— EXTRACTED ENTRIES —
BEGIN
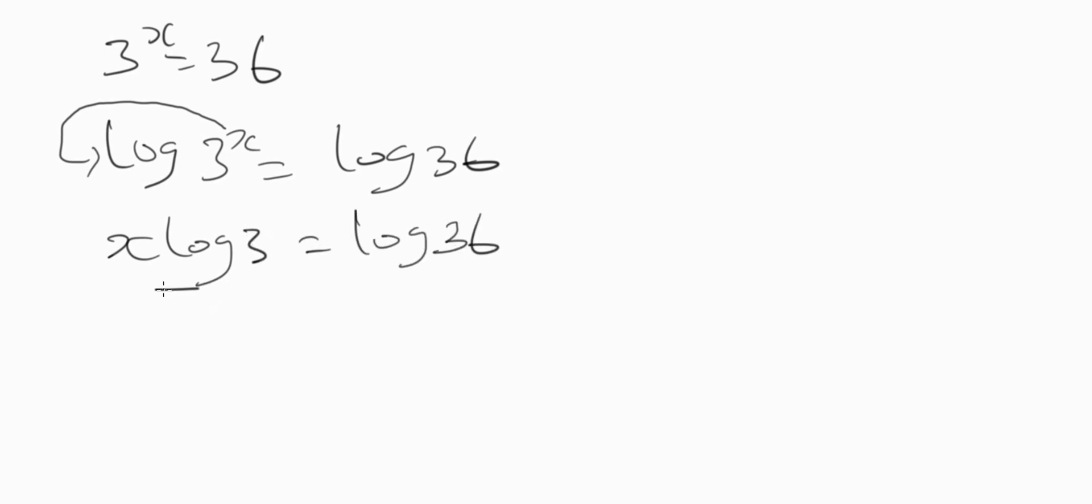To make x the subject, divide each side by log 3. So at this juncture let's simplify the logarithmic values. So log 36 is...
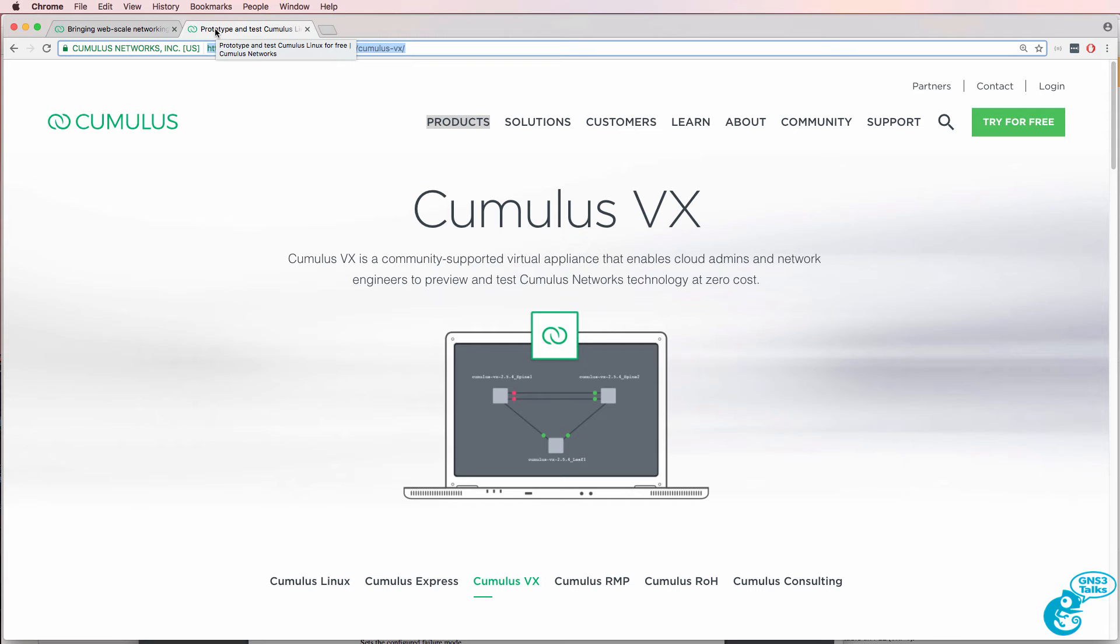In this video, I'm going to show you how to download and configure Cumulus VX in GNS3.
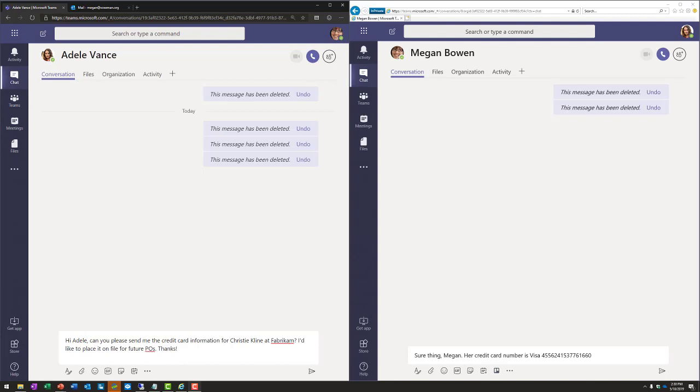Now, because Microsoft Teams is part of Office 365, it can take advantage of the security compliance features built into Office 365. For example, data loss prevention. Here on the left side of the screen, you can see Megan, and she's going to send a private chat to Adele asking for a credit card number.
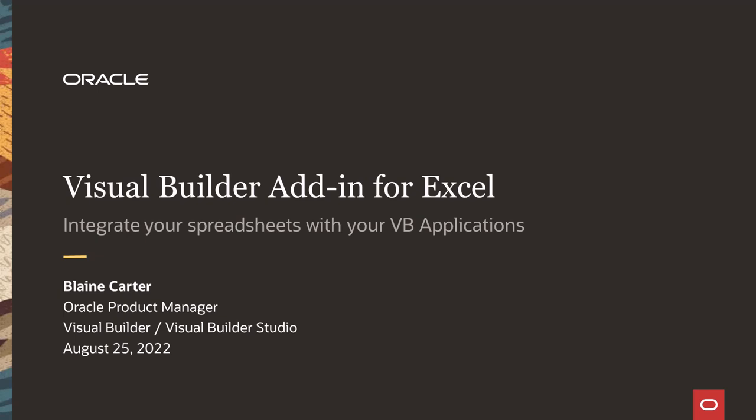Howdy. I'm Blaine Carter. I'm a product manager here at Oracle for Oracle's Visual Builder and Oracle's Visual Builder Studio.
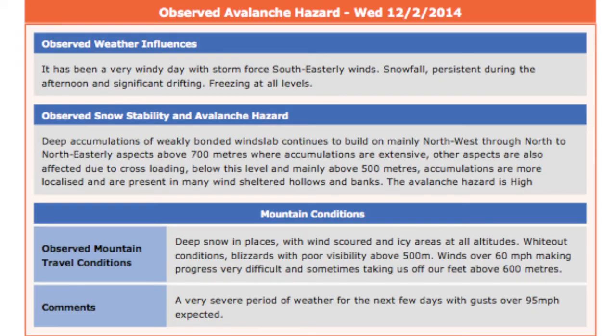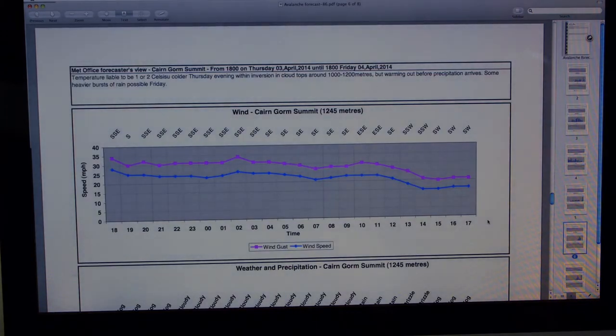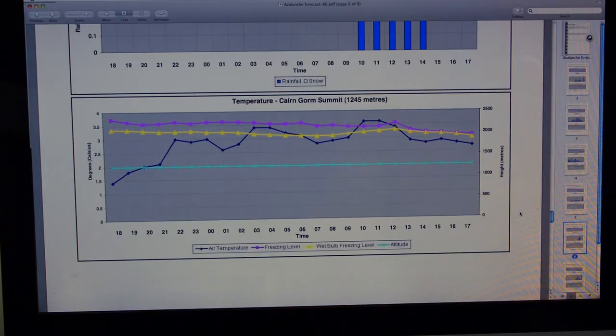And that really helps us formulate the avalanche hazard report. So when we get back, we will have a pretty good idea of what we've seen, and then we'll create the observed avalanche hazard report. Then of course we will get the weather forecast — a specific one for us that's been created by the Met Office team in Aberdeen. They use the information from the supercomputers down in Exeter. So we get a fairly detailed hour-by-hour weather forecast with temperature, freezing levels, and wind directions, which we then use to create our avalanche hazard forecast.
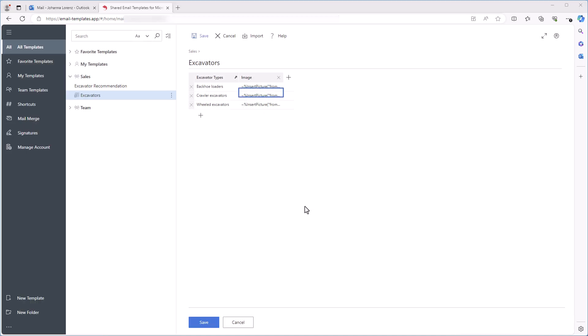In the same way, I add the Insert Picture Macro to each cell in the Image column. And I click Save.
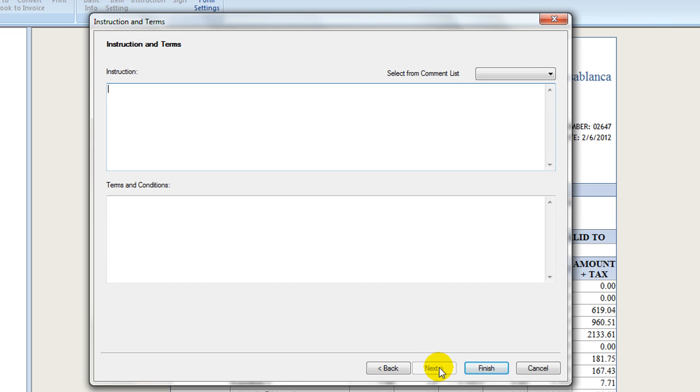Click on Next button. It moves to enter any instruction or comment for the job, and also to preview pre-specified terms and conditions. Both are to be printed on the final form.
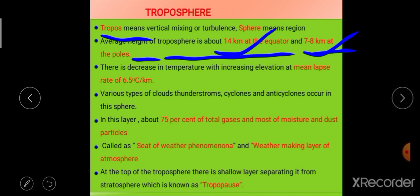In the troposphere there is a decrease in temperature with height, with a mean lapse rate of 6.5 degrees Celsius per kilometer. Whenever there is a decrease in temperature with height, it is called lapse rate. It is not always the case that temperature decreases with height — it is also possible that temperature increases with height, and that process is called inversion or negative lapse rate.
END
BEGIN
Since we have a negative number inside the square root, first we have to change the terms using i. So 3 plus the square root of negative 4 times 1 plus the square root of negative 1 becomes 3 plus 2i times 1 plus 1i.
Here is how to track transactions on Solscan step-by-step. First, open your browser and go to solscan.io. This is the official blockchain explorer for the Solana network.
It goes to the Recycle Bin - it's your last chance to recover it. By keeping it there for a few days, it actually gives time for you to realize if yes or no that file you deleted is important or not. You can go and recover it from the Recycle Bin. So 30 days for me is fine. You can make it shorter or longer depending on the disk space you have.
END
BEGIN
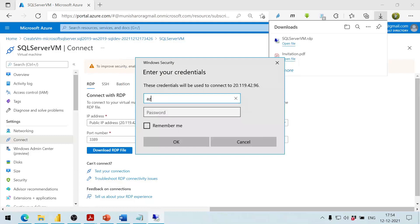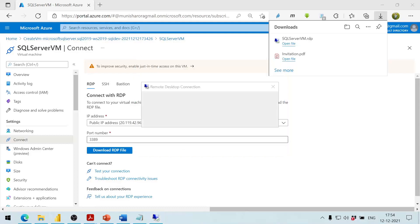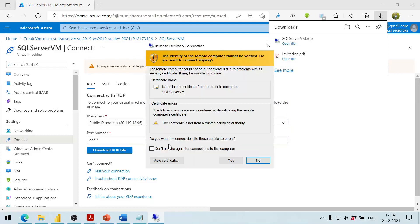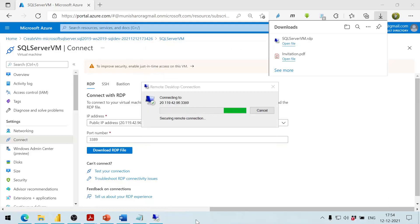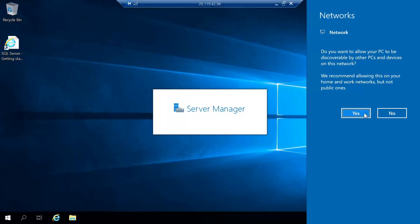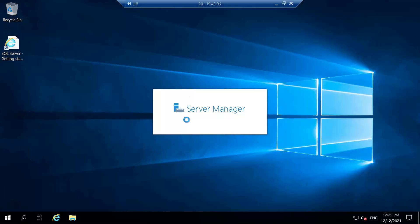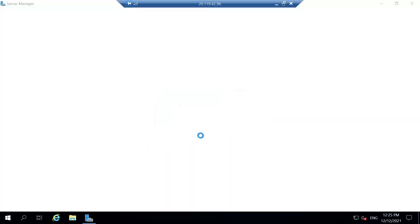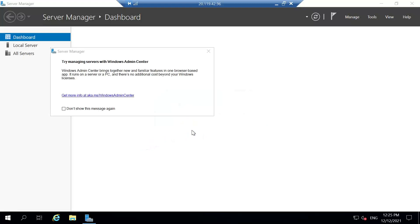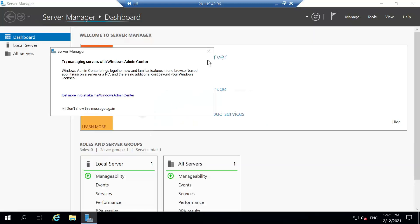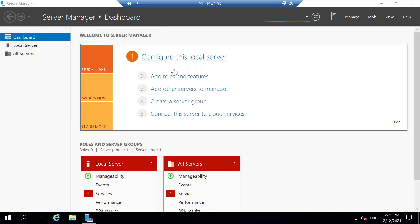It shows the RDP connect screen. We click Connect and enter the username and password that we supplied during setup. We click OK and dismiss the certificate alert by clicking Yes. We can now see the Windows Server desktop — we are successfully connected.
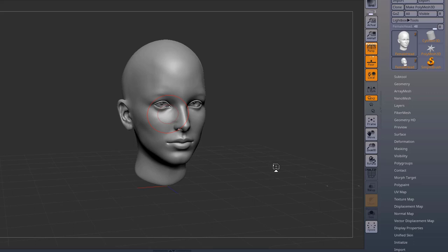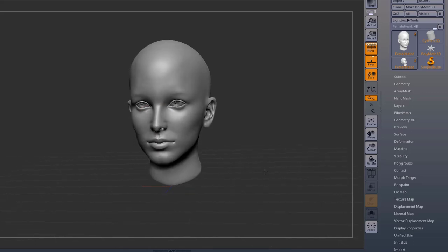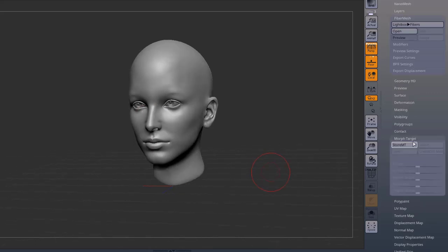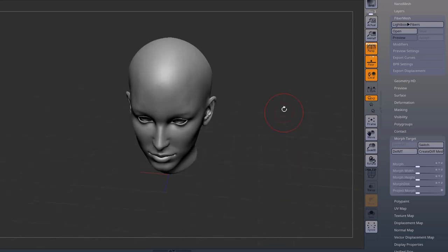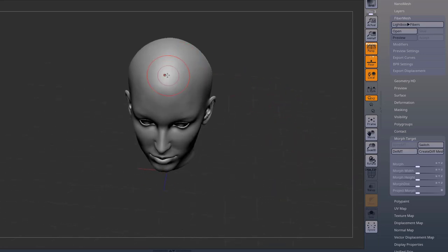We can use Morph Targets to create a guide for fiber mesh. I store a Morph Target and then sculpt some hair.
END
— WORK TO BE COMPLETED —
Set the pictures aside and transcribe exactly the stretch of lines above, beginning with the one holding "And that really" and ending with the one holding "Click on Next".

— EXERCISE RESULT —
And that really helps us formulate the avalanche hazard report. So when we get back, we will have a pretty good idea of what we've seen, and then we'll create the observed avalanche hazard report. Then of course we will get the weather forecast — a specific one for us that's been created by the Met Office team in Aberdeen. They use the information from the supercomputers down in Exeter. So we get a fairly detailed hour-by-hour weather forecast with temperature, freezing levels, and wind directions, which we then use to create our avalanche hazard forecast.
In the same way, I add the Insert Picture Macro to each cell in the Image column. And I click Save.
Click on Next button. It moves to enter any instruction or comment for the job, and also to preview pre-specified terms and conditions. Both are to be printed on the final form.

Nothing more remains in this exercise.